PROMPT: In the listing below, start your output at the line with "SMYD3 Antibody" and end it after the line with "Immunohistochemistry - Anti-SAH", copying every line exactly.

DATA RECORDS:

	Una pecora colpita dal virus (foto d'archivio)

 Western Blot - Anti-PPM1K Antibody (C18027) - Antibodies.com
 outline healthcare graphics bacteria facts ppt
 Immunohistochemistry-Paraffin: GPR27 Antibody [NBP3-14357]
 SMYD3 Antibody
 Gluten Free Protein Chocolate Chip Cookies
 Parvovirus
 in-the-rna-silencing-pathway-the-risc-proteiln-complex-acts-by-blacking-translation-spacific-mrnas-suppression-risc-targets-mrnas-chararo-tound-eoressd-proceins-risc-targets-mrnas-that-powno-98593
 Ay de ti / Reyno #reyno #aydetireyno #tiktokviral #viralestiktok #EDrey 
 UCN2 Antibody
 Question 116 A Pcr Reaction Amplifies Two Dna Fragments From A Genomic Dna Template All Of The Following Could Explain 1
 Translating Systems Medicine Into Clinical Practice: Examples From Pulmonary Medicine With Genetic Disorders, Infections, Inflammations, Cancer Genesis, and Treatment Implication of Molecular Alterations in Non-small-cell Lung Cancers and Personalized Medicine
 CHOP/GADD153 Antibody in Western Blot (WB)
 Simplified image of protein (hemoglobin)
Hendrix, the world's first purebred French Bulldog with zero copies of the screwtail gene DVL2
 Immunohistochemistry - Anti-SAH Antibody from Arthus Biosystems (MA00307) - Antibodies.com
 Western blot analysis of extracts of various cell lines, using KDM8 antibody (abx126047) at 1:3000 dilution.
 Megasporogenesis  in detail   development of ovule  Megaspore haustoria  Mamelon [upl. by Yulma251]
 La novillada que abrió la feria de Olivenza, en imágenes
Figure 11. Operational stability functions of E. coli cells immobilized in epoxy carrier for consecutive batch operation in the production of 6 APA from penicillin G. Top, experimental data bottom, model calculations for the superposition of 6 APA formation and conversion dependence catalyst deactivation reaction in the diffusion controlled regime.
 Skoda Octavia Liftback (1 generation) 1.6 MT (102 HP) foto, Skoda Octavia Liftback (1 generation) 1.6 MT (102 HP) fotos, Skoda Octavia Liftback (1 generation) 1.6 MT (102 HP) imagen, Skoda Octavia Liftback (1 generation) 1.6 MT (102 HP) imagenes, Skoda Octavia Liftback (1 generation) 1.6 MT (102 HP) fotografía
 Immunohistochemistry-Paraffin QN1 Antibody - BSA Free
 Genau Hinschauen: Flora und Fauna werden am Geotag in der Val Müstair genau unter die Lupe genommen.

EXERCISE ANSWER:
 SMYD3 Antibody
 Gluten Free Protein Chocolate Chip Cookies
 Parvovirus
 in-the-rna-silencing-pathway-the-risc-proteiln-complex-acts-by-blacking-translation-spacific-mrnas-suppression-risc-targets-mrnas-chararo-tound-eoressd-proceins-risc-targets-mrnas-that-powno-98593
 Ay de ti / Reyno #reyno #aydetireyno #tiktokviral #viralestiktok #EDrey 
 UCN2 Antibody
 Question 116 A Pcr Reaction Amplifies Two Dna Fragments From A Genomic Dna Template All Of The Following Could Explain 1
 Translating Systems Medicine Into Clinical Practice: Examples From Pulmonary Medicine With Genetic Disorders, Infections, Inflammations, Cancer Genesis, and Treatment Implication of Molecular Alterations in Non-small-cell Lung Cancers and Personalized Medicine
 CHOP/GADD153 Antibody in Western Blot (WB)
 Simplified image of protein (hemoglobin)
Hendrix, the world's first purebred French Bulldog with zero copies of the screwtail gene DVL2
 Immunohistochemistry - Anti-SAH Antibody from Arthus Biosystems (MA00307) - Antibodies.com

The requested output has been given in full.